Page:Zola - La Faute de l'abbé Mouret.djvu/228

Cette page a été validée par deux contributeurs.
228
LES ROUGON-MACQUART.

— Alors, tu me permets de te prendre comme cela ? Nous retournerons sous les arbres.

— Oui. Tu peux me serrer, tu me fais plaisir. Et marchons lentement, n’est-ce pas ? pour ne pas retrouver notre chemin trop vite.

Il lui avait passé un bras à la taille. Ce fut ainsi qu’ils revinrent sous les hautes futaies, où la majesté des voûtes ralentit encore leur promenade de grands enfants qui s’éveillaient à l’amour. Elle se dit un peu lasse, elle appuya la tête contre l’épaule de Serge. Ni l’un ni l’autre pourtant ne parla de s’asseoir. Ils n’y songeaient pas, cela les aurait dérangés. Quelle joie pouvait leur procurer un repos sur l’herbe, comparée à la joie qu’ils goûtaient en marchant toujours, côte à côte ? L’arbre légendaire était oublié. Ils ne cherchaient plus qu’à rapprocher leur visage, pour se sourire de plus près. Et c’étaient les arbres, les érables, les ormes, les chênes, qui leur soufflaient leurs premiers mots de tendresse, dans leur ombre claire.

— Je t’aime ! disait Serge d’une voix légère qui soulevait les petits cheveux dorés des tempes d’Albine.

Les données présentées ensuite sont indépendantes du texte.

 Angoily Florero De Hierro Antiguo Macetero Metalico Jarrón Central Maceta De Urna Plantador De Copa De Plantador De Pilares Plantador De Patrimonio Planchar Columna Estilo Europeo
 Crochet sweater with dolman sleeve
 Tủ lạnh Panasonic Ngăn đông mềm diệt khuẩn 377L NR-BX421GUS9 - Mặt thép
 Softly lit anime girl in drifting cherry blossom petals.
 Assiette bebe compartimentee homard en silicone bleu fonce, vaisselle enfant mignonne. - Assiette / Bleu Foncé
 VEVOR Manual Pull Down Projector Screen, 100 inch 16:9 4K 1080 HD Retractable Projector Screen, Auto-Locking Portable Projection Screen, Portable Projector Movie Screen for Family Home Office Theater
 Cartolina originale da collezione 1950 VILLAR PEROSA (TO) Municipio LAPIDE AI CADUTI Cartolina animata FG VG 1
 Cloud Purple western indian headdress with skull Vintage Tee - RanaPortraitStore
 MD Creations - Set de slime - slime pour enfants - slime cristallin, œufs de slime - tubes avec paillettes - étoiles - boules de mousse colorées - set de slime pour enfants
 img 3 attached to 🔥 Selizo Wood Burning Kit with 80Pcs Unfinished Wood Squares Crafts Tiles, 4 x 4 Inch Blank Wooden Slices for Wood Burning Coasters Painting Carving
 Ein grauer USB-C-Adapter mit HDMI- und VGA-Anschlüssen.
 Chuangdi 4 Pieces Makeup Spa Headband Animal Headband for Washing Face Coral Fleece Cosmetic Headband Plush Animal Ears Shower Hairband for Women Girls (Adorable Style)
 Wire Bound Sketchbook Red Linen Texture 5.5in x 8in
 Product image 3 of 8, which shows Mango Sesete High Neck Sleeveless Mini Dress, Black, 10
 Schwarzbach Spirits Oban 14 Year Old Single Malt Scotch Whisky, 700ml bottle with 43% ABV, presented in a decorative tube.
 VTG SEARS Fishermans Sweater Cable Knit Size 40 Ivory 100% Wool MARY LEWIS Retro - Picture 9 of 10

Il voulait trouver une autre parole, il répétait :

— Je t’aime ! je t’aime !

Albine écoutait avec un beau sourire. Elle apprenait cette musique.

— Je t’aime ! je t’aime ! soupirait-elle plus délicieusement, de sa voix perlée de jeune fille.

Puis, levant ses yeux bleus, où une aube de lumière grandissait, elle demanda :

— Comment m’aimes-tu ?

Alors, Serge se recueillit. Les futaies avaient une douceur solennelle, les nefs profondes gardaient le frisson des pas assourdis du couple.

— Je t’aime plus que tout, répondit-il. Tu es plus belle que tout ce que je vois, le matin, en ouvrant ma fenêtre.